The allocator really can use the many registers provided by a modern CPUs (but not stack machines). It’s all in pursuit of working like a dataflow engine: work in registers, consuming instructions until either all the functional units are in use or no more instructions can be found that don’t depend on results not yet computed.

Not all the back ends are as monstrous as LLVM, but the leading ones all use these techniques. There’s one called Cranelift, and the standard Golang compiler is also SSA-based and of only modest complexity by modern standards (it makes about 60 distinct passes over the SSA before committing to code generation).
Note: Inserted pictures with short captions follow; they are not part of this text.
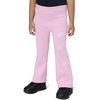 Nike Girls’ Sportswear Classic High-Waisted Flared Leggings(Medium Soft Pink/White)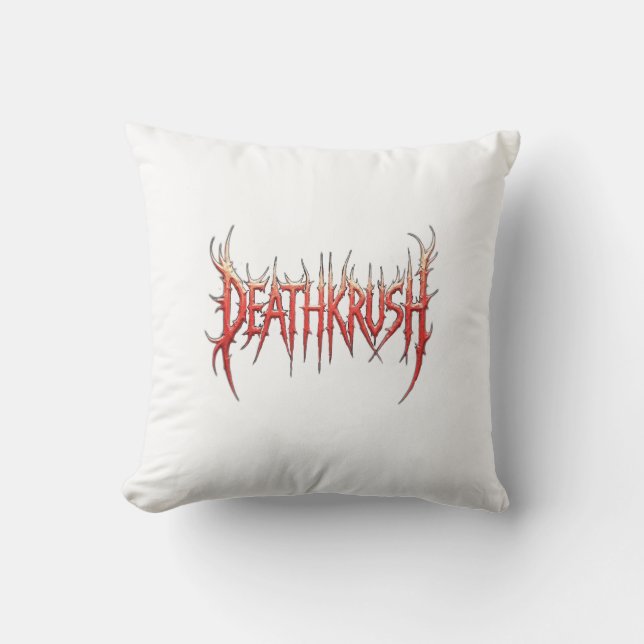 Deathkrush - Decorative Pillow (Front)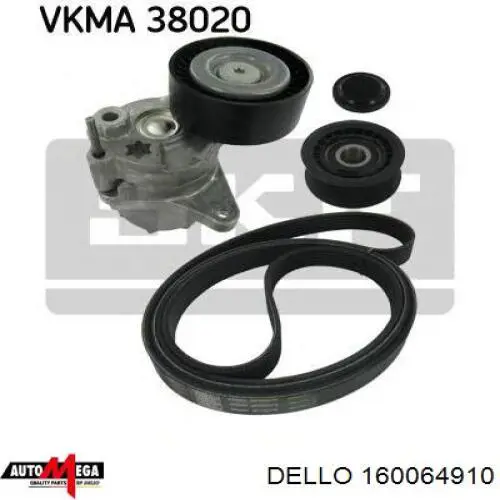 Ролик приводного ременя, паразитний Dello/Automega 160064910 ціна, від 7.68 USD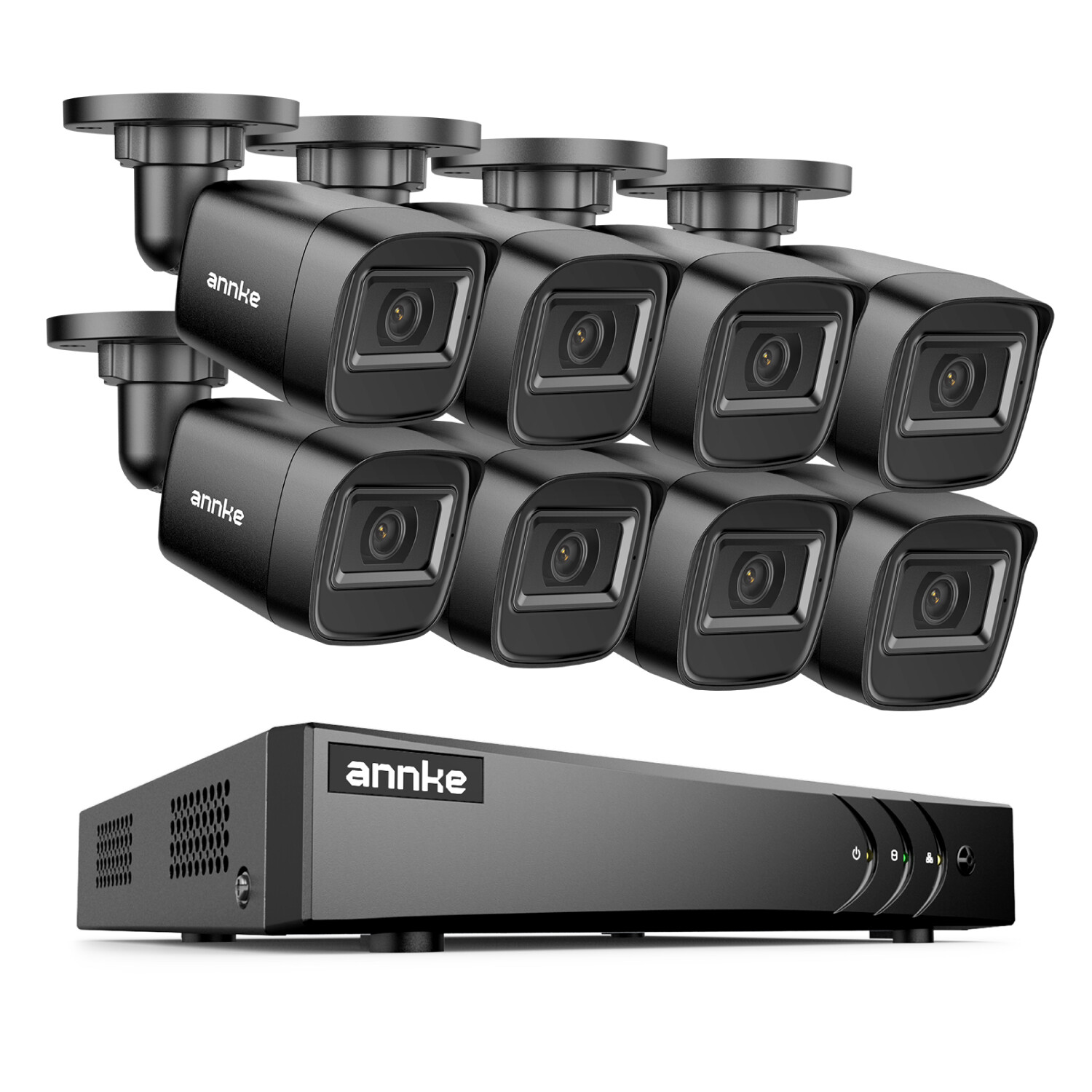 ANNKE 3K Lite 8CH DVR 1080P Video Security Camera System AI Human Detection CCTV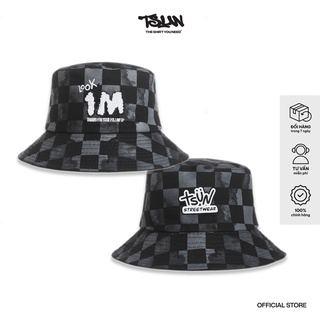 Nón bucket tsun 1m bucket - đen/xám - unisex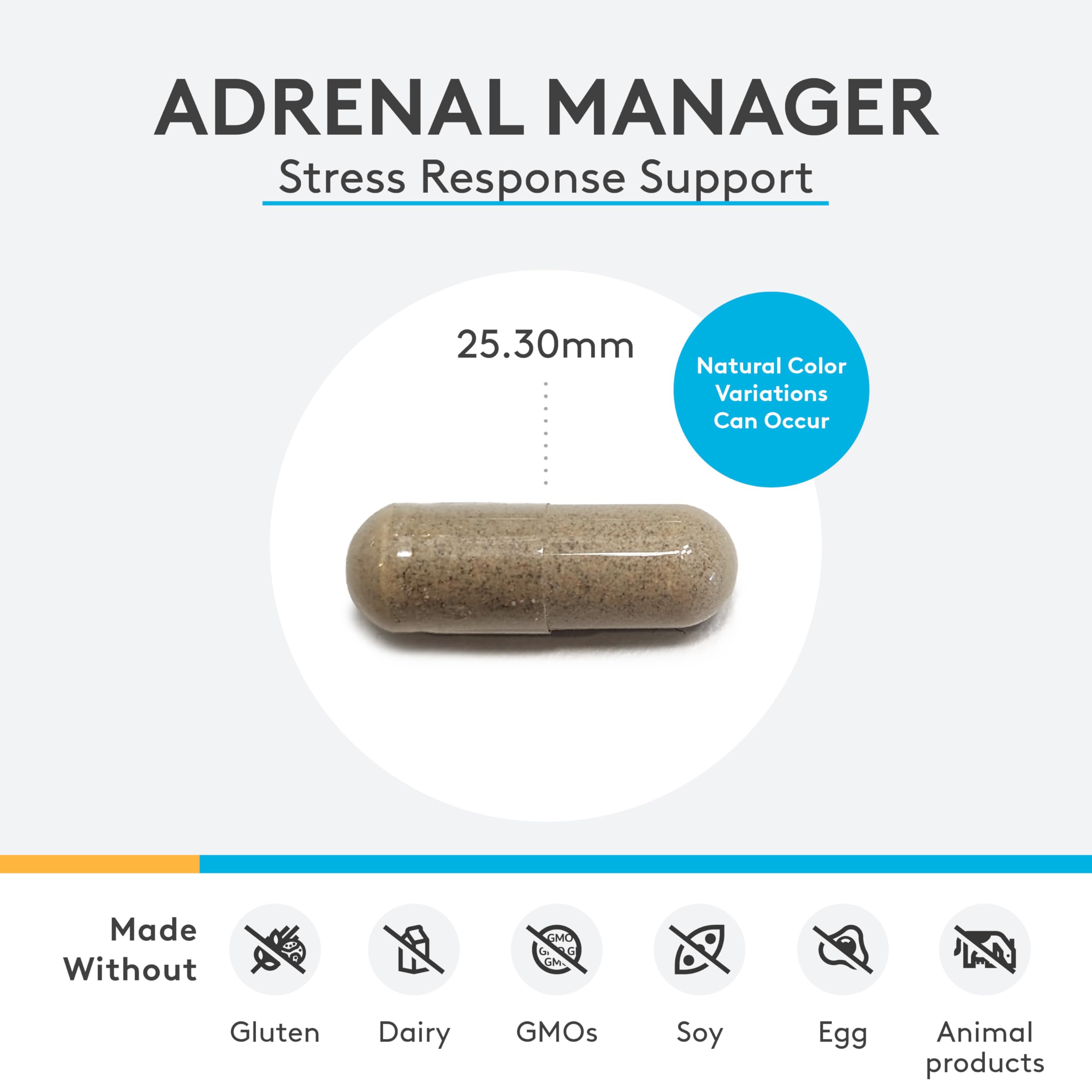XYMOGEN Adrenal Manager - Energy, Stress Response & Adrenal Support (120 Capsules)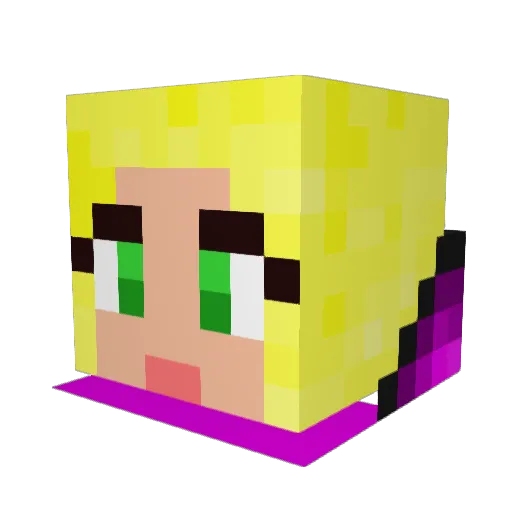 flostinette Minecraft avatar head, 3D render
We still build stack machines (mostly in software), do simple bytecode-type stack oriented code generation, template based code generation, etc. But when the performance of generated code matters, it’s impossible to ignore the gains that come from register machines with modern SSA-based code generators to drive them.

4 Likes

Nice insights! I can’t help referring us to IBM’s 63-pass Fortran compiler although that was many-pass for different reasons.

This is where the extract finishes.